Brassica oleracea started as wild cabbage native to many parts of Europe. Natural (and a little careful unnatural) selection eventually shaped it into all the modern types of cabbage, broccoli, cauliflower, kale, Brussels sprouts and ultimately, nature's sculptural coup — the oddly-formed kohlrabi.

The name comes from the German Kohl (“cabbage”) plus Rabi (“turnip”) and is sometimes referred to in English as the German turnip. It certainly resembles it in texture — it has a creamy and dense white flesh beneath its fibrous rind — but where turnips can be sulphery and a little bitter, kohlrabi is sweet and bright, with a taste resembling the tender part of a broccoli stem.

Kohlrabi's home is above ground, not below with other root vegetable, forming the plump swollen stem at the base of the plant, stretching leaf stems out to resemble carefully placed antennae. When young, those stems and leaves are enjoyable too, substituting smoothly for collards and kale.

We're slowly inching towards the end of the winter cycle and are about to bid a few of the seasonal brassicas farewell. Shear Rock Farms out in Santa Paula has a vivid purple type of young kohlrabi while Yang Farm in the Central Valley had a paler green variety that's a little further along.

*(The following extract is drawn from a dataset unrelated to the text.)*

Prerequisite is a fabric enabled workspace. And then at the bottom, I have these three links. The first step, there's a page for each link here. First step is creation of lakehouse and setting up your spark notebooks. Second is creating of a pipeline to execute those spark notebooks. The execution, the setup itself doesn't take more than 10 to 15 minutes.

Green kohlrabi from Yang Farm at the Hollywood market.; Credit: Felicia Friesema

Green kohlrabi from Yang Farm at the Hollywood market.; Credit: Felicia Friesema

Size does matter with the kohlrabi. It can be eaten raw or cooked, but the ultimate application decides which kind of kohlrabi you should choose. If you're dicing or shaving into salads, or you also want the leaves for cooking, select for smaller (a couple of inches across), younger more tender bulbs.

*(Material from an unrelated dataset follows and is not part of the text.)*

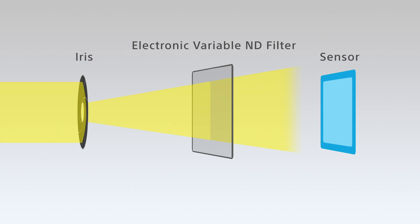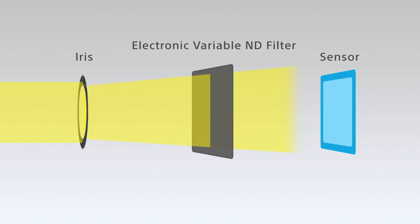The electronic variable ND filter can help with this, seamlessly changing the filter density to provide the best exposure while still keeping the iris open.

Kohlrabi's sweetness also makes a well-balanced fermented sauerkraut. But lacto-fermentation is a harsh mistress, so opt for slightly larger bulbs. Do the same for braises. As the vegetable grows, it develops a more fibrous flesh, which makes it perfect to stand up to the punishment of a little bacterial transformation or long slow baths in heat.

Regardless of what you do with it, you're going to have to peel it. The outer skin is tough and leathery and does not improve in texture with any kind of cooking. A paring knife is fine if you have a deft hand, and peeler works fine as well, though it will take you a little longer. No matter what the exterior color is, the center of the kohlrabi is the same: ivory in color, smelling like a sweet, crisp cabbage and firm to the touch, like jicama or turnip. Avoid overly large specimens (more than five inches across) as they will likely be tough and fibrous all the way through. If you can, purchase kohlrabi with the leaves still attached — they show how freshly picked the vegetable is — but even trimmed of stem, the leathery skin allows them to keep for a very long time.